Extracted information ▸
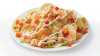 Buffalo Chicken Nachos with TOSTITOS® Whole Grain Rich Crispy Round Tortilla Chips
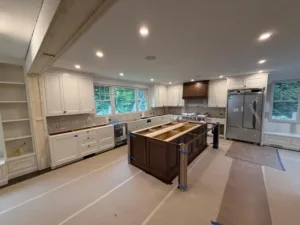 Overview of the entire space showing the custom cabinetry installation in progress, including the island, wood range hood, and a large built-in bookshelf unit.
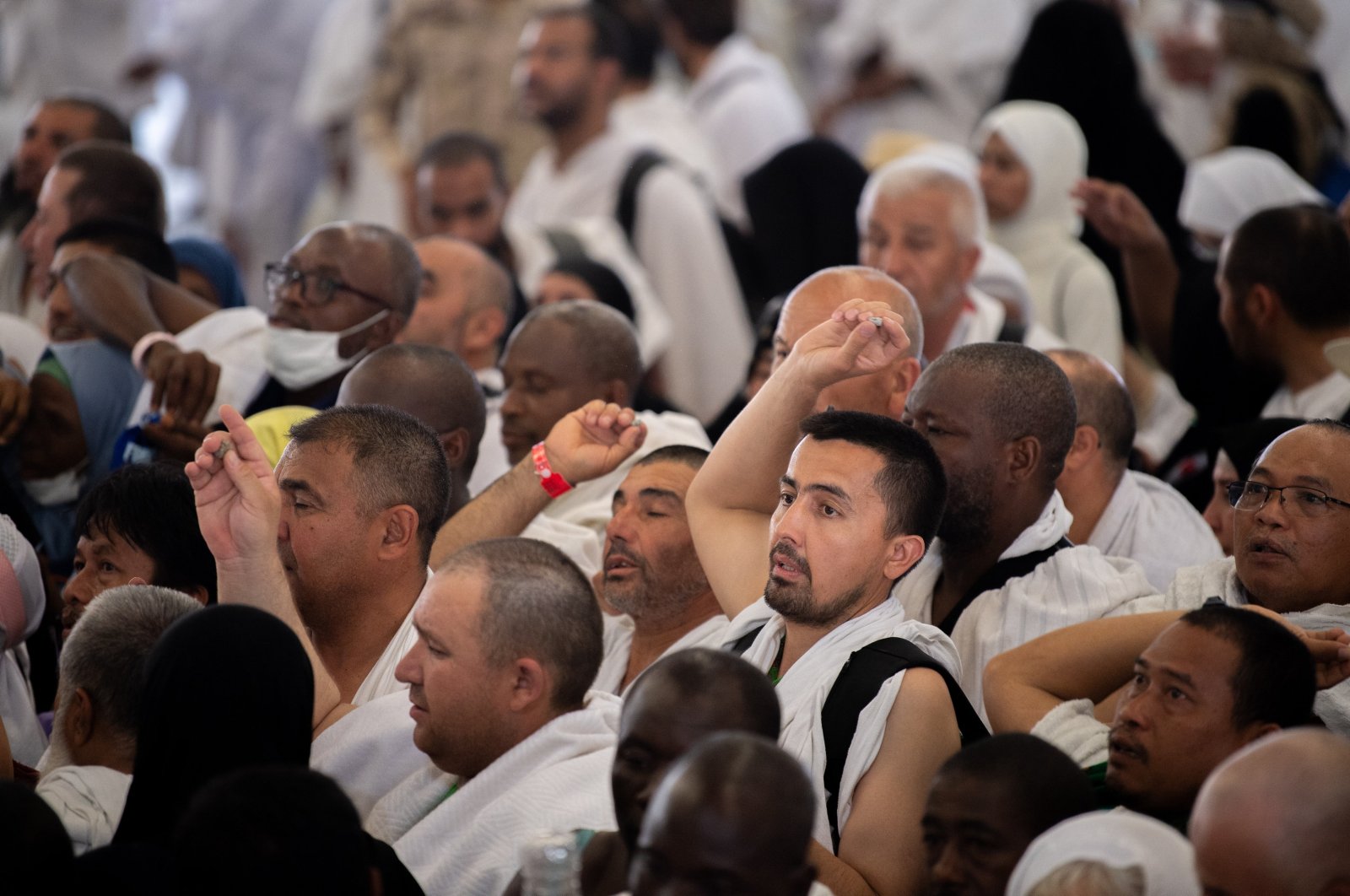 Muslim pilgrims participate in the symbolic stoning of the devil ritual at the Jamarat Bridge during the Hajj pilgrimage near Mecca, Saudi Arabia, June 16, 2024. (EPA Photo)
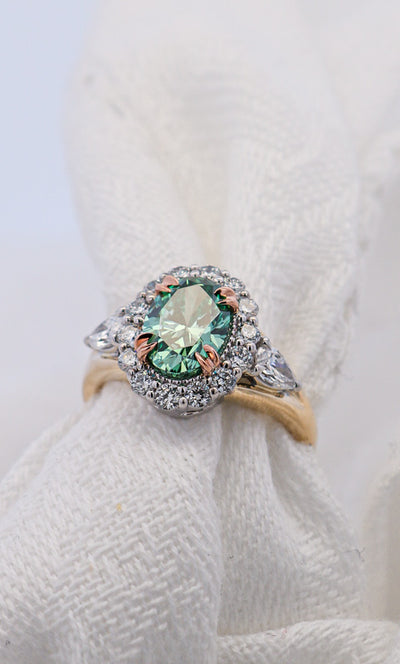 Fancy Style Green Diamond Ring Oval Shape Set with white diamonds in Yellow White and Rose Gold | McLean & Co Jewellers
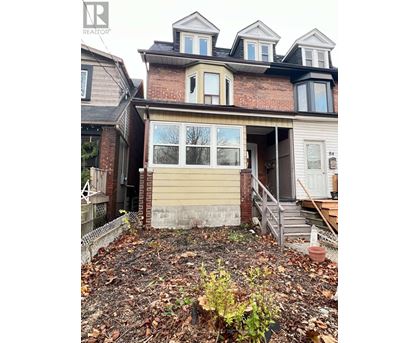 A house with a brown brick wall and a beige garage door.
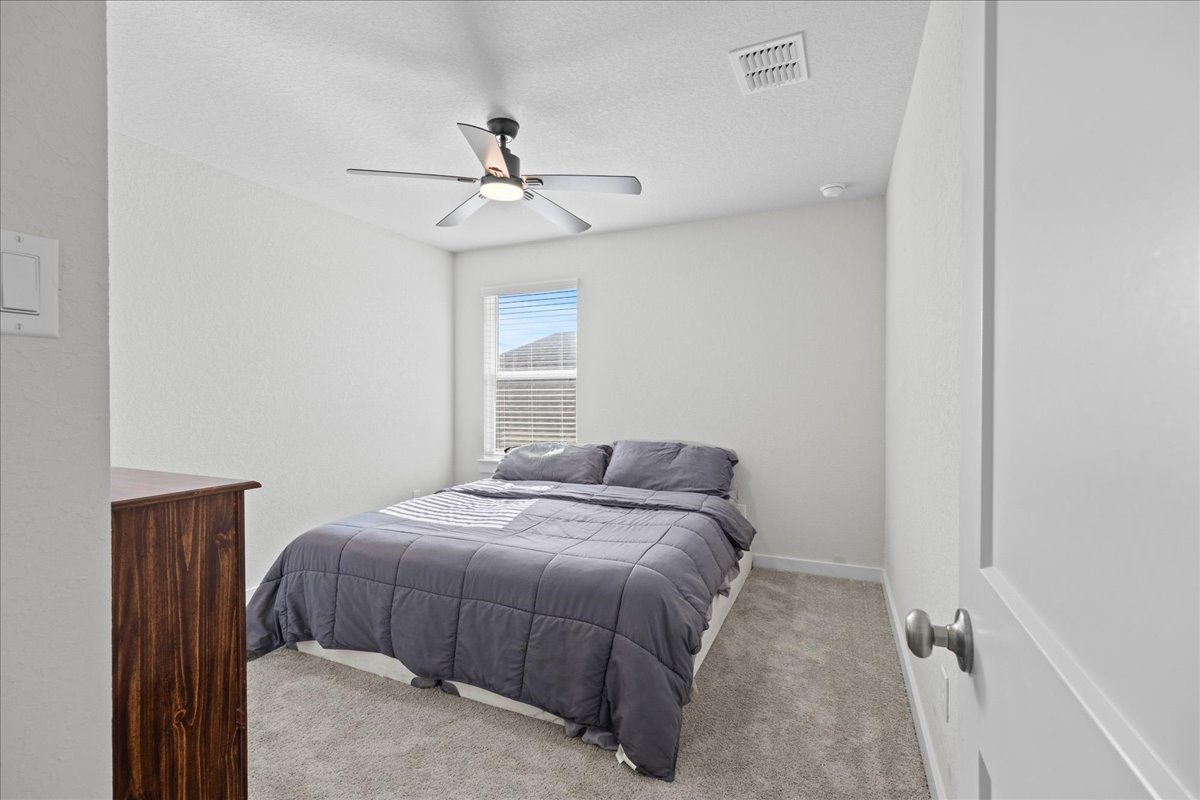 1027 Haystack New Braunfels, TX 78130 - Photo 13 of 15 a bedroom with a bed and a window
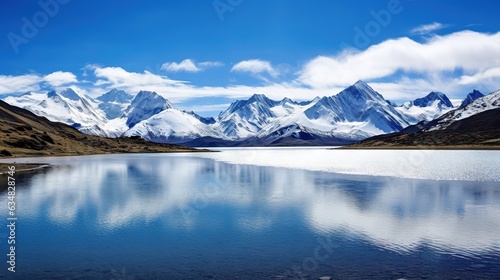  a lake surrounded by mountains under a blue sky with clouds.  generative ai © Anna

---

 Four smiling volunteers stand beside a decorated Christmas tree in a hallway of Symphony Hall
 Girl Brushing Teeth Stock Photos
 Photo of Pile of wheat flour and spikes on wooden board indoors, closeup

Directions for this task ▸ The required answer is the run of lines above, starting at the line with "Four smiling volunteers" and ending at the line with "Photo of Pile", reproduced exactly with both ends.

Reply to the task ▸
 Four smiling volunteers stand beside a decorated Christmas tree in a hallway of Symphony Hall
 Girl Brushing Teeth Stock Photos
 Photo of Pile of wheat flour and spikes on wooden board indoors, closeup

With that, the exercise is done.